Primeiro, o «mundo rural» é uma expressão abjecta, como quem remete para uma realidade longínqua, e que se torna mais absurda num país com pouco mais de 200 quilómetros de largura. Mas este fabuloso mundo, de onde saiu um povo inteiro, desaguando em Lisboa, tornou-se uma fantasia dos próprios herdeiros do êxodo rural. Descobriram o campo, os infelizes. Não o campo real, claro — que é sujo, áspero, fedorento e nada charmoso — mas o campo em versão lifestyle, minimalista e aromatizada, onde o mato é sempre decorativo, em raminhos de trigo e rosmaninho, onde o burro é tão fotogénico como o asno que o retrata, e as galinhas são cuidadas como minorias e pelo nome próprio. Em suma, não há pachorra.
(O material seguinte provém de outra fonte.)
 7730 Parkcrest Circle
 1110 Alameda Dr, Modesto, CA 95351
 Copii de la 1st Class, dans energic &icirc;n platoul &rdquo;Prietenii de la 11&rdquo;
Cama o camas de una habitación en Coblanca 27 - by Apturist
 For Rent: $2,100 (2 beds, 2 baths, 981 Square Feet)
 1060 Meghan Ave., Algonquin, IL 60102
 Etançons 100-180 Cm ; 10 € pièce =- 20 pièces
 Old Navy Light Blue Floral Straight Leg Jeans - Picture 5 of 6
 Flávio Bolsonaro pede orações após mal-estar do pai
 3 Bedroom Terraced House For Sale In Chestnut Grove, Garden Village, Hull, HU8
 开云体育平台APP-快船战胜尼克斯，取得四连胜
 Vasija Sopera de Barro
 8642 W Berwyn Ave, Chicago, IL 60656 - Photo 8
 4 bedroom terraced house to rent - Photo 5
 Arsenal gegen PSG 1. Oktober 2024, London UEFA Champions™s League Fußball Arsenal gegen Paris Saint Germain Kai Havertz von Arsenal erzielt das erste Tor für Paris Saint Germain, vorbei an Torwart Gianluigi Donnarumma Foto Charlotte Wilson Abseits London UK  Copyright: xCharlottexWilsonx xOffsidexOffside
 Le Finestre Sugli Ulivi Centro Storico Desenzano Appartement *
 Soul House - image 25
O «mundo rural» é uma espécie de «sítio lá longe onde vivem velhos, pobres e atrasados mentais» que se funde com a visão do «campo como local de escapadinha predilecta da neo-classe da ciclovia»: gente que tem mais consciência ecológica do que calos nas mãos, que se emociona com oliveiras, mas não sabe podá-las, que fala da ruralidade com a excessiva confiança de quem já passou um fim de semana num turismo rural, com pão de fermentação lenta e ioga no olival, não sabe bem como conviver com a coisa.

É uma avalanche de Floribelas, seres humanos que acreditam que a terra se trabalha com afecto, as vacas produzem leite por generosidade e as porcas se chamam Matilde. Na imaginação desses missionários urbanóides, a vida fora do alcatrão é uma espécie de spa ético, um lugar onde se cultiva a consciência moral entre uma praga de javalis, uns queridos!, e um brunch vegan; um lugar onde a única coisa que arde são incensos, e onde os únicos tiros são de fotografia, com filtro sépia.

No seu olhar bovinamente romântico, o interior não é uma realidade — é um parque temático de nostalgia da pobreza, uma versão pitoresca ideal para fotografar. A pobreza que convém: aquela que os faz sentir superiores, mas não os incomoda. Falam dos “velhos saberes” com ternura paternalista, mas voltam de lá ao domingo à tarde com urticária emocional, desejosos de regressar ao conforto higiénico do seu apartamento, onde encerram gatos e cães.

Eventualmente, acreditam que as árvores sentem, os animais pensam, e os homens deviam todos ser suspensos em caso de excesso de masculinidade agrária. E se por acaso encontrarem um agricultor que ainda tem espingarda, exigem que se lhe retire o direito a existir. Porque essa gente, «do campo a sério», não entende nada de campo.

O «mundo rural», no entanto, não precisa de quem o visite. Nem precisa de afectos de políticos ou da simpatia do telejornal, que o descobre sempre que há desgraça. O que não se aguenta são entendedores pós-modernos que acham que as oliveiras não ardem, ou turistas de consciência, peregrinos de bicicleta elétrica e meias de algodão orgânico, que fazem do campo um espetáculo de virtude, sem sujarem as mãos, nem as ideias. O «mundo rural», a nem 200 quilómetros do Campo Grande, precisa de gente que lá viva, que lá invista, que lá trabalhe, e que a deixe viver, investir, trabalhar, sem paternalismos, cantigas de Floribela, abraços a troncos, e o Estado, todo influenciado por urbanitas ou incompetentes, a atrapalhar.